Estilista do povo Waíkahna assina peças usadas pela cantora em “Nanã” e “Choka Choka” e vê na parceria uma forma de fortalecer a presença indígena na cultura contemporânea
A Anitta, 33, incorporou peças da Sioduhi Studio, marca de moda indígena, aos materiais de divulgação de seu novo projeto musical, o álbum Equilibrium (2026). Nos conteúdos já lançados nas plataformas digitais, a cantora aparece com criações do estilista Sioduhi, 30, do povo Waíkahna (Piratapuya), no visualizer de “Nanã” e no clipe de “Choka Choka”, música em parceria com Shakira.
No vídoe clipe da musica Nanã, cancão em parceira com KING Saints e Rincon Sapiência, a cantora veste a saia assimétrica Jirau de Peixes e no segundo surge com uma saia de tucum desenvolvida em parceria com a marca Ínaru Éyawa. As duas peças partem de referências do Alto Rio Negro e ajudam a construir a identidade visual do trabalho, que combina música e imagem em sua circulação digital.

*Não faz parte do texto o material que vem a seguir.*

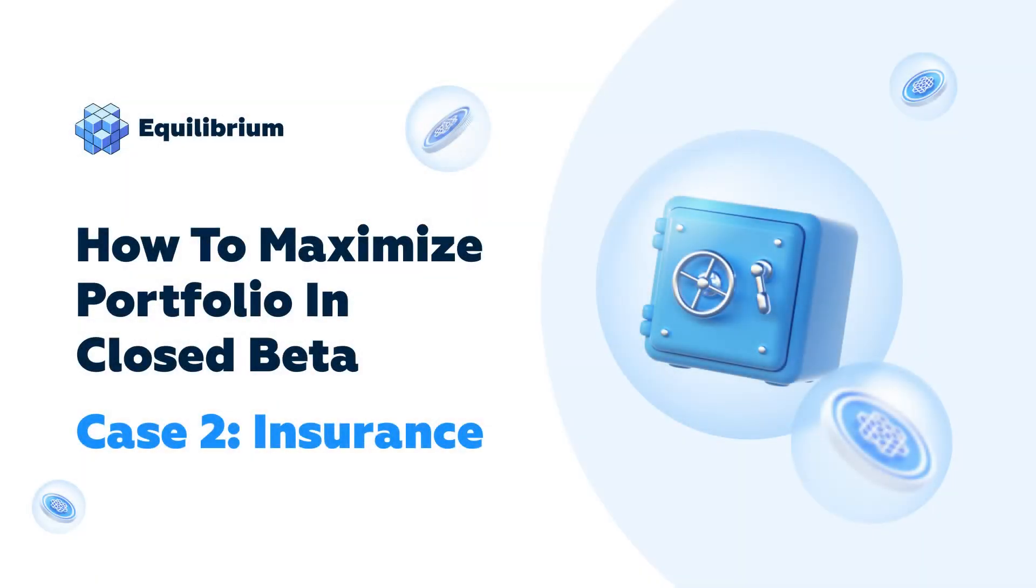Welcome to our second video in our series about the Equilibrium application and what you can do within our platform during the beta. Today we're going to cover the insurance pool.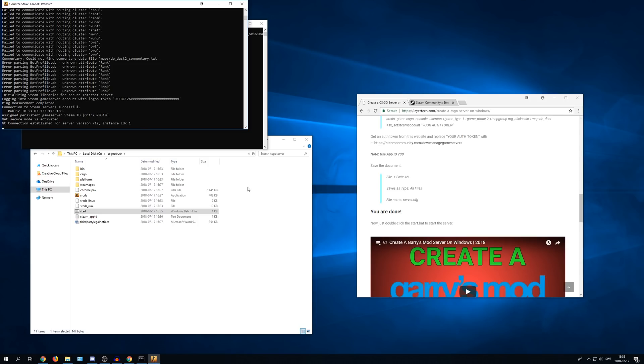There's just one small thing to make the server public so everyone can join it and just not from your local network. You need to port forward. And I will leave a link for that in the video description.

Em entrevista à mídia indígena, o estilista destaca o significado da colaboração. “Uma felicidade, mais ainda de uma pessoa que admiro tanto pela resiliência e estratégia na sua carreira. E fora a questão dela ser uma das maiores apoiadoras da causa indígena, é necessário ter aliados como ela nessa luta”, canta.

Sioduhi conta que o contato com a equipe da artista começou a partir do interesse em peças já existentes no acervo da marca. A escolha recaiu sobre a coleção “Ahkó-Yakó: O Legado da Gente Estrela”, apresentada na Casa de Criadores, principal evento dedicado à moda autoral brasileira e também lançador de novos talentos. Os looks escolhidos passou a integrar diferentes momentos da divulgação. Antes disso, a Sioduhi Studio já vinha construindo um percurso próprio, vestindo nomes como Isabelle Nogueira, Marciele Albuquerque, Zaynara, Ailton Krenak, Kaê Guajajara e Zahy Tentehar. A circulação dessas peças acompanha um movimento mais amplo de presença indígena em diferentes espaços da cultura.
Surgimento da marca
A marca nasceu em abril de 2020, em um momento de mudança na vida do estilista. Ele deixava o trabalho em São Paulo, onde estudava modelagem, e enfrentava o luto pela perda de um tio. Na mesma semana, começava a pandemia. “A Sioduhi Studio nasce em abril de 2020, entre ruptura e recomeço. Naquele momento, deixo meu trabalho em São Paulo enquanto ainda estudava modelagem na ETEC Tiquatira. Ao mesmo tempo, atravessava o luto pela perda de um tio do povo Waíkahna (Piratapuya) e foi nesse atravessamento que senti a urgência de falar sobre memória através da moda. Na mesma semana, o mundo entra em quarentena. Em meio à incerteza, escolho continuar”, conta.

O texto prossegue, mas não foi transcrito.